Despite that, my phone still dictated much of my life. It ruined my sleep, it made me unproductive and it took away quality moments with my loved ones. I caught myself writing back to messages while spending time with friends I hadn’t seen in years. I watched dinner tables in restaurants, where people sat on their phones, disconnected from conversation and engrossed in their digital egos.
I felt anxious when I didn’t write back to messages or emails — even ones that were not urgent or from people I didn’t really know. I started having pointless conversations for the sake of conversation: My day was fine thanks. How was yours?
Hours and hours went by scrolling through my Facebook news feed, filling my mind with other people’s worthless junk and their boring day-to-day lives. And still I had (and have) this constant urge to update the world on my own worthless junk: what am doing, where I am and who I am with. No one asked how I was really doing because Facebook said I was doing just fine.
I allowed pointless content to infiltrate my mind: watermelons exploding, babies dancing, dogs chasing their tails, people singing in cars.
I came across some really foul-mouthed and nasty bullies in online forums — I spent time arguing with these trolls and going nowhere; I gave them my energy and my time.
I was so busy ‘photographing and posting’, I never got to enjoy the moment for what it was. I never stopped to say: “Hey! What a sunset! It smells like a forest after rain! I love the squelch of wet beach sand in between my toes!” I was too busy photographing and posting it to care what I had seen, felt, smelt, heard. My life felt like a live broadcast.
Being on my phone was the last thing I did before I went to sleep, and the first thing I did when I woke up in the morning.
And I didn’t like it at all.
I never stopped to say: “Hey! What a sunset! It smells like a forest after rain! I love the squelch of wet beach sand in between my toes!”
I started making changes over a year ago when I switched off my phone’s internet at night. It was a small step in the right direction. I took on the approach that if something was that urgent — a family emergency — people would phone me. Otherwise, there was no reason for people to contact me while I slept.

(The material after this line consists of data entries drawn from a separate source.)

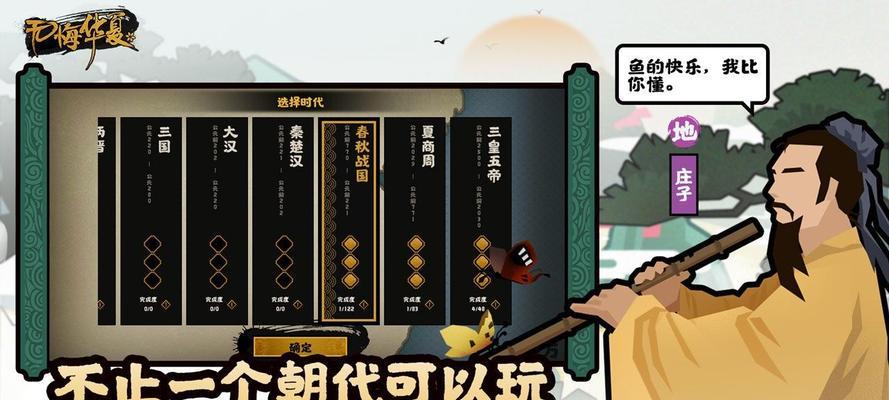 无悔华夏出使西域攻略怎么玩？有哪些技巧和常见问题解答？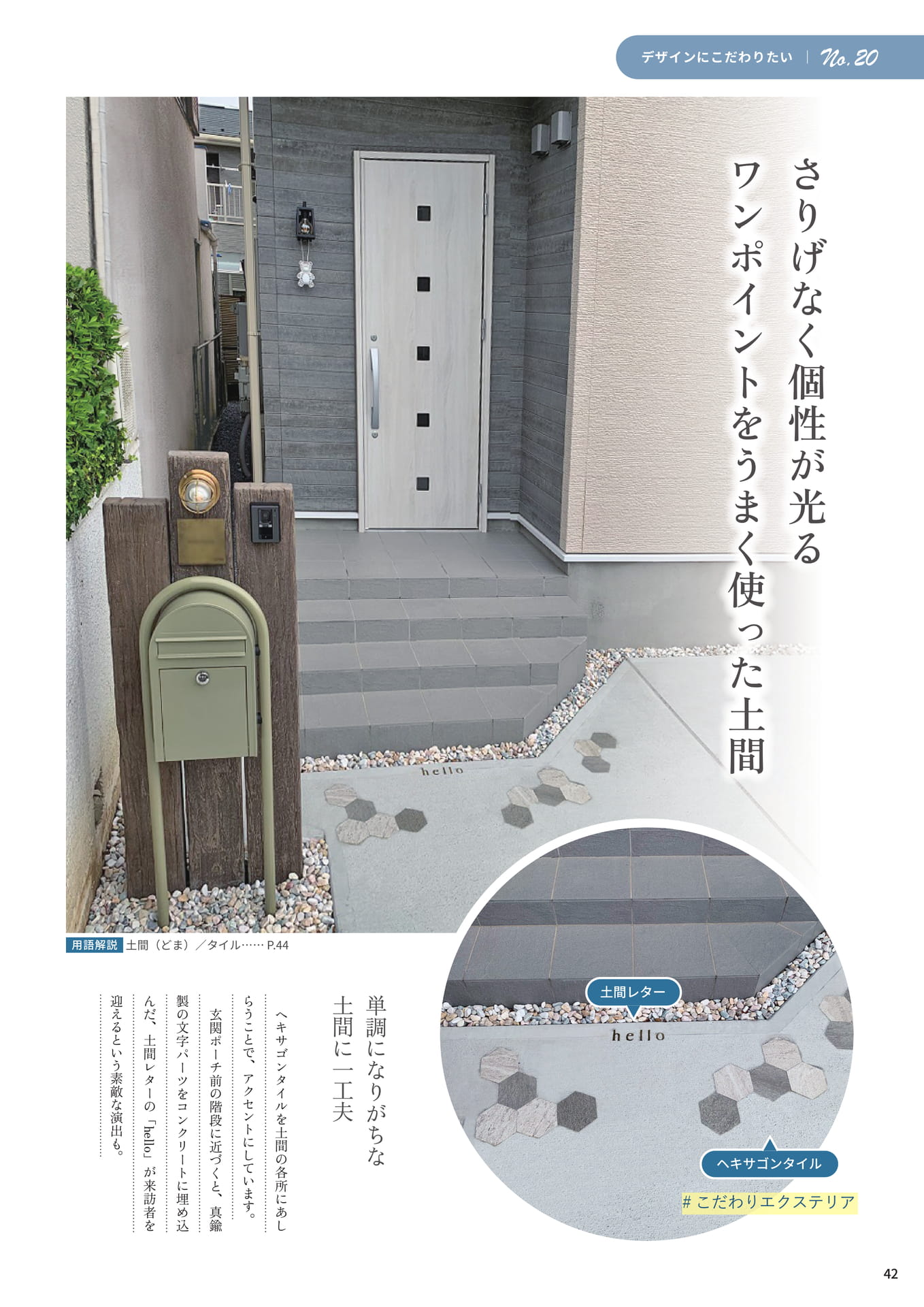 P.42 さりげなく個性が光るワンポイントをうまく使った土間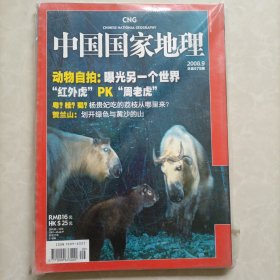 中国国家地理 2008.9（总第575期）以及副刊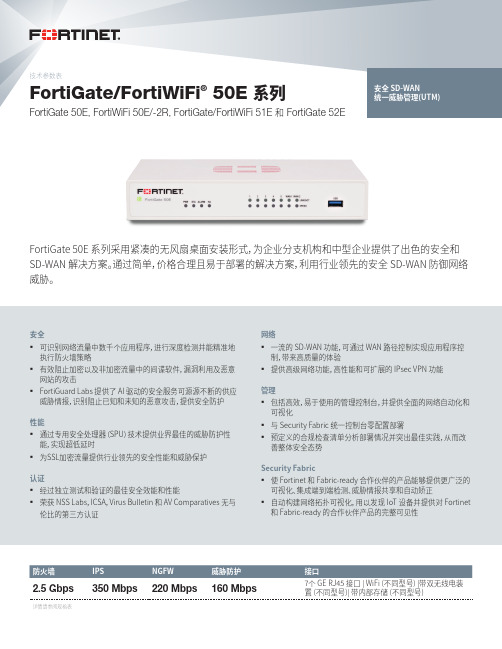 FortiGate FortiWiFi 50E 系列 产品说明书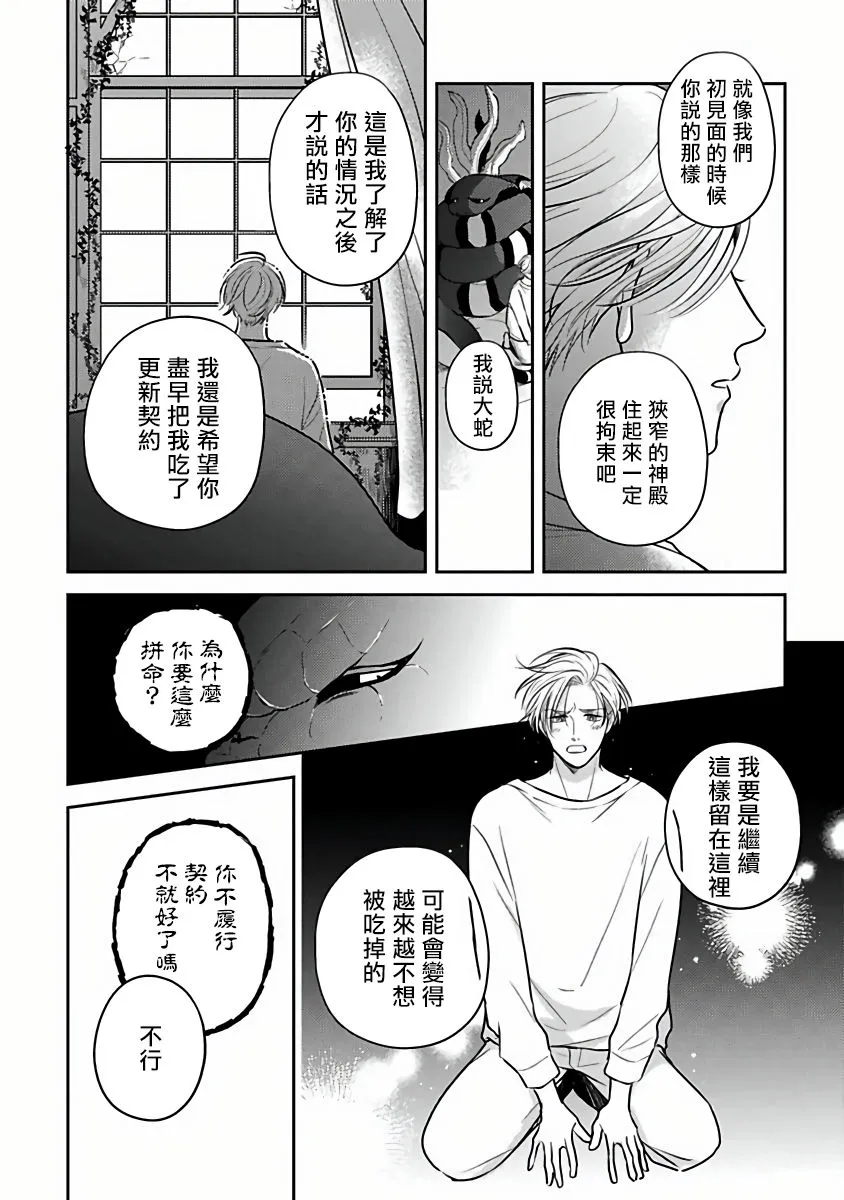 第03话 第14页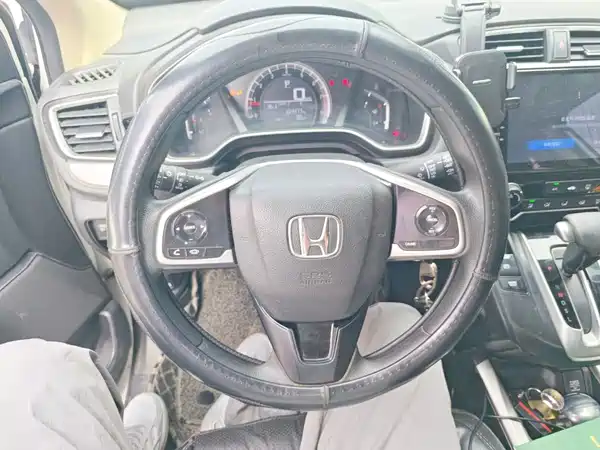 Honda CR-V 2020
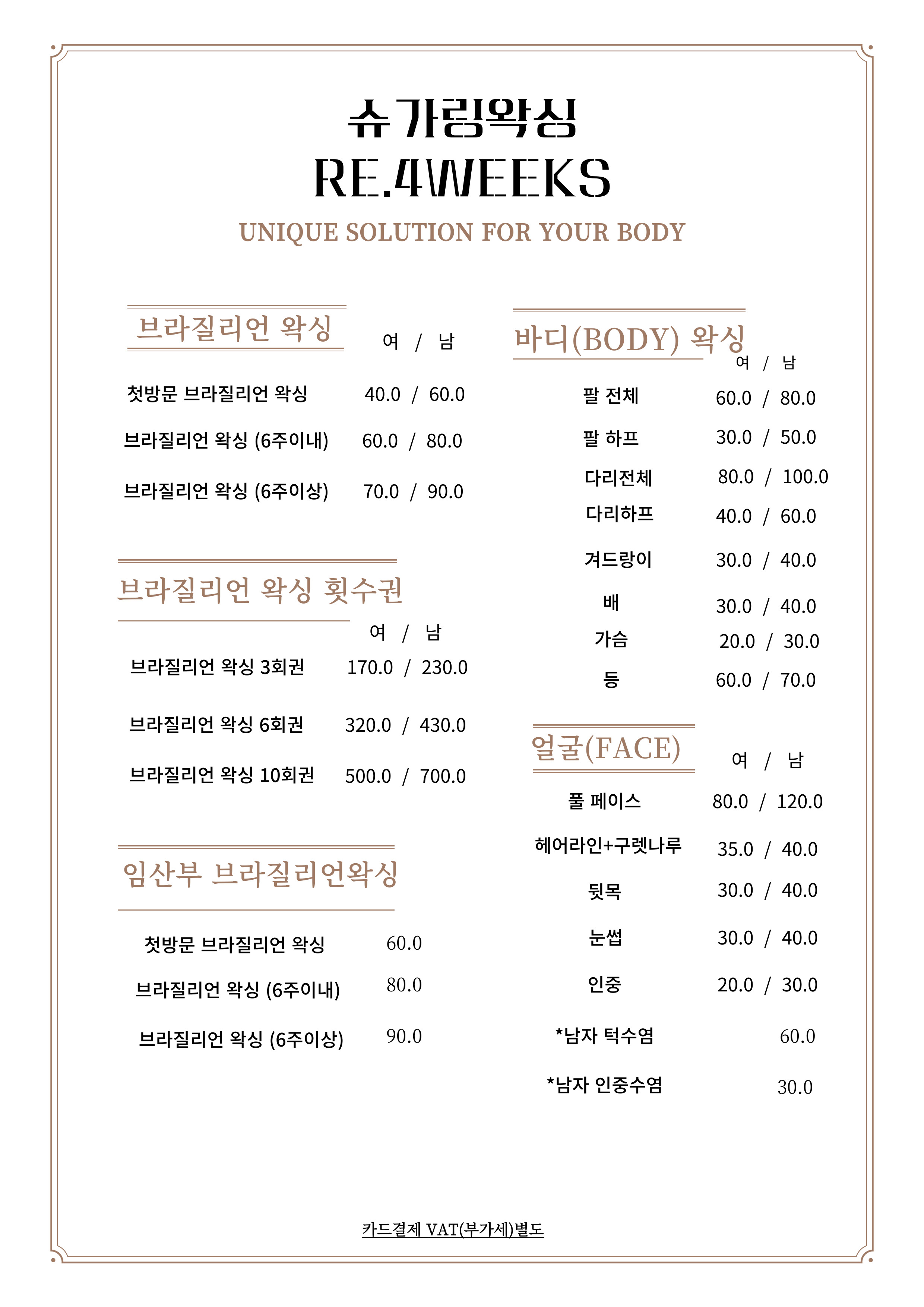 리포윅스 슈가링왁싱 삼산점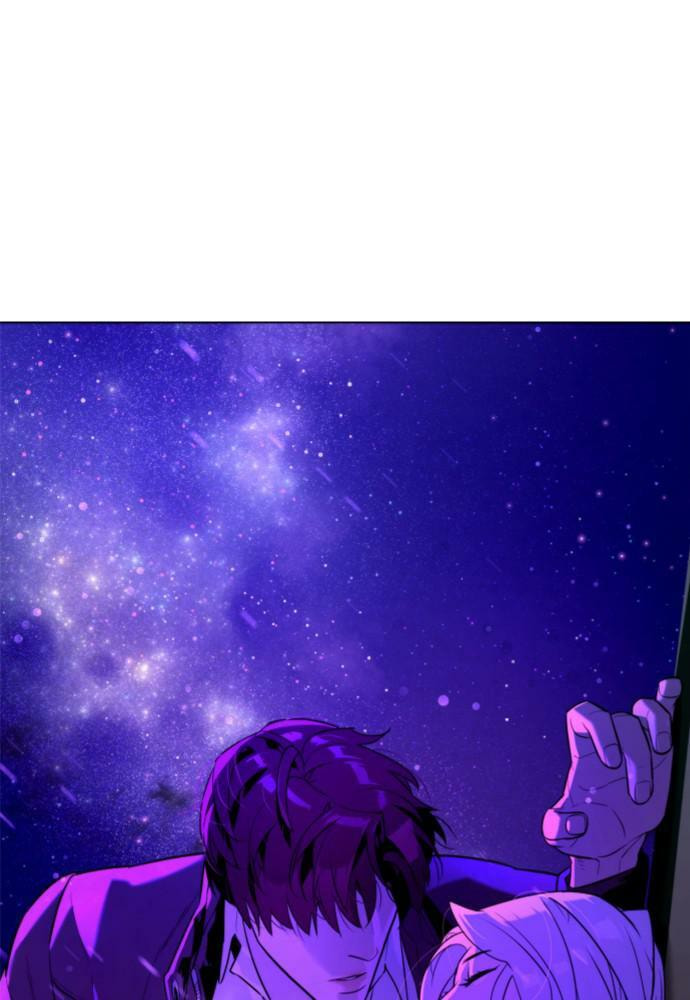 Read Unholy Blood chapter 79 image 1 on Lezhin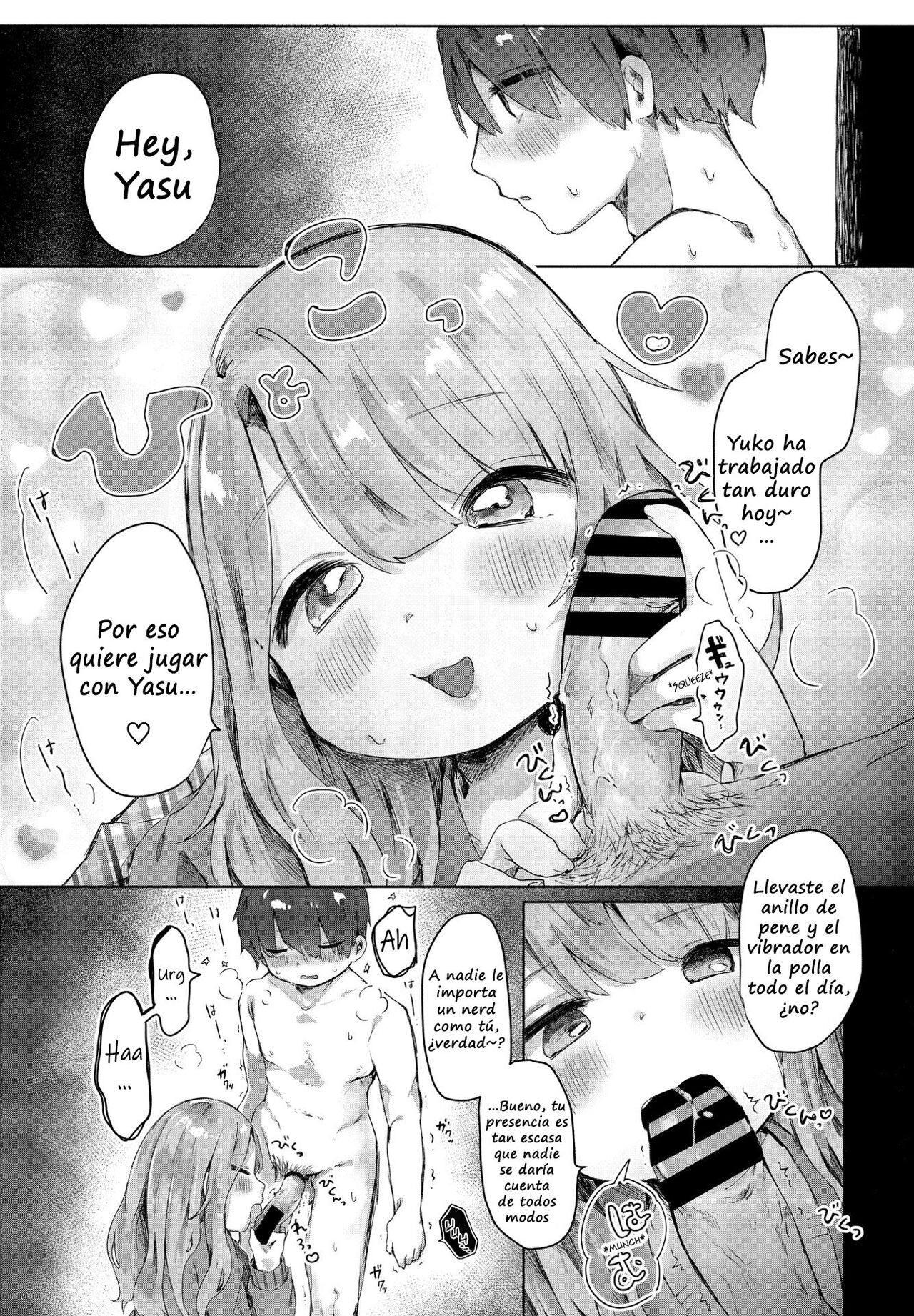 Boku wa Kanojo no XXX | I'm My Girlfriend's XXX page 9 full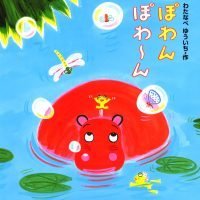 絵本「ぽわんぽわーん」の表紙（サムネイル）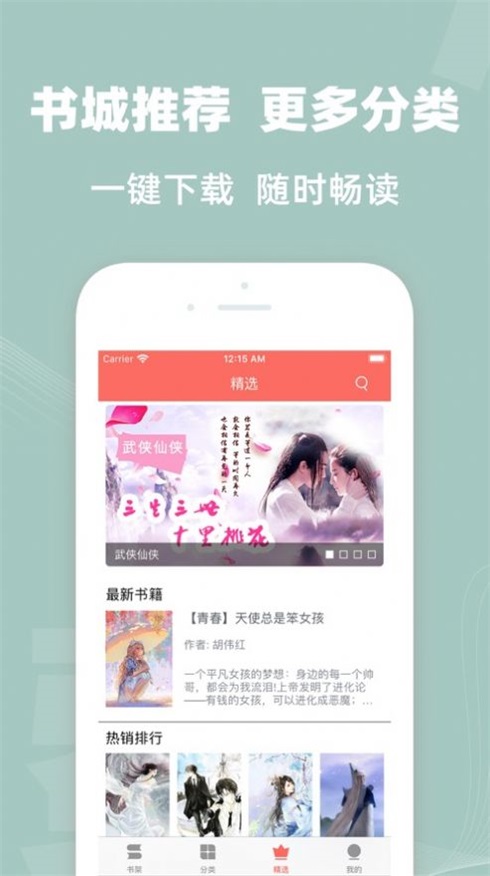 六情小说网旧版在线阅读全文无弹窗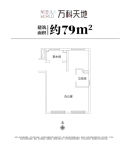 标准层约79平米户型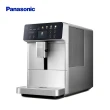 【Panasonic 國際牌】1.3L全自動義式咖啡機 -(NC-EA801)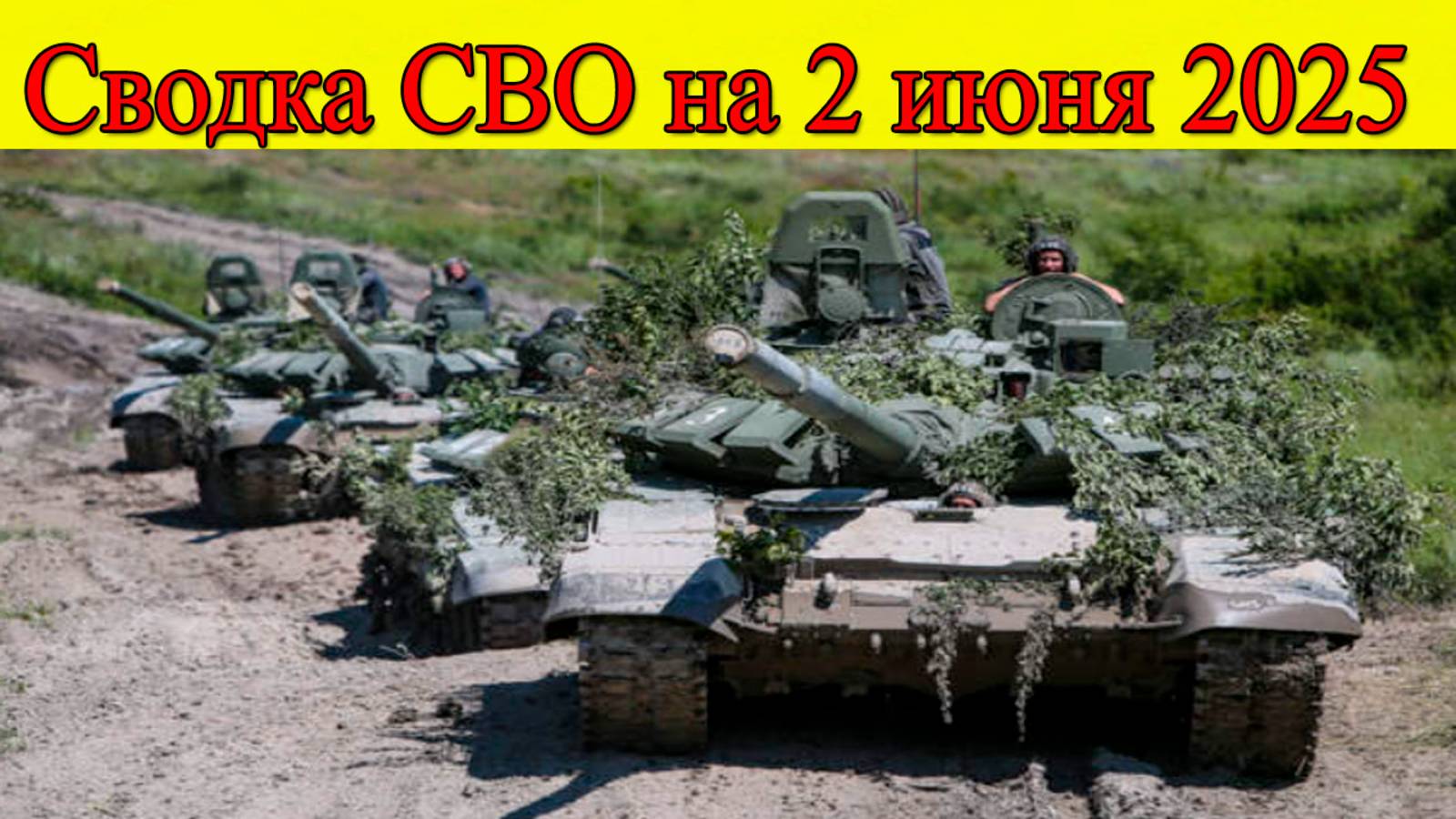 Сводка СВО на 2 июня. Российская армия наступает к Сумам. Последние новости смотреть онлайн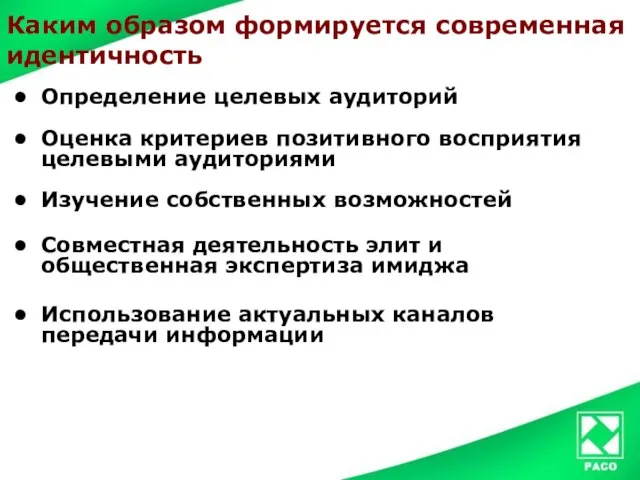 Каким образом формируется современная идентичность Определение целевых аудиторий Оценка критериев позитивного восприятия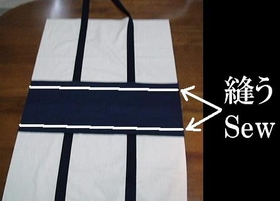 sew the outer fabric and bottom patch together
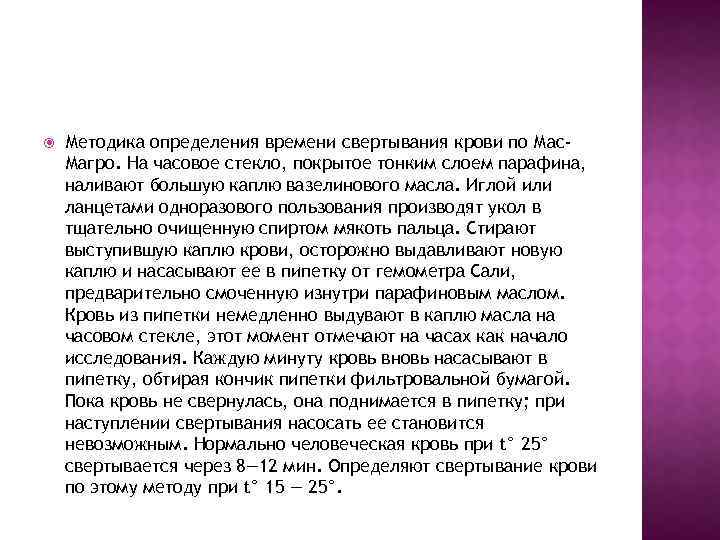  Методика определения времени свертывания крови по Мас. Магро. На часовое стекло, покрытое тонким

Still, it didn’t work having my phone next to me while I slept. If I woke up in the middle of the night, I would reach over, switch my phone’s internet back on and end up checking my mails or scrolling through Facebook. Eventually, I banned my phone from the bedroom at night.
This was a great move. I had more time to read and more time with my man under the covers. I slept better and I woke up to the morning rather than to my phone.
During the day, I made an effort to put my phone aside when I had conversations with other people. I realised how rude it was when I listened and texted at the same time or when I stuck a phone between myself and another human being.
In recent months, I have started to treat my phone like a job: something I don’t do at night or over weekends. I switch off my phone’s internet on a Friday afternoon and switch it on again on a Monday morning.
When I go back online, I have missed nothing from the weekend. And no one’s missed me. The messages I have are not urgent and the posts I have missed are not important.
Online life goes on without you. That’s okay. But to watch your own life go on without you. Now that would be a real shame.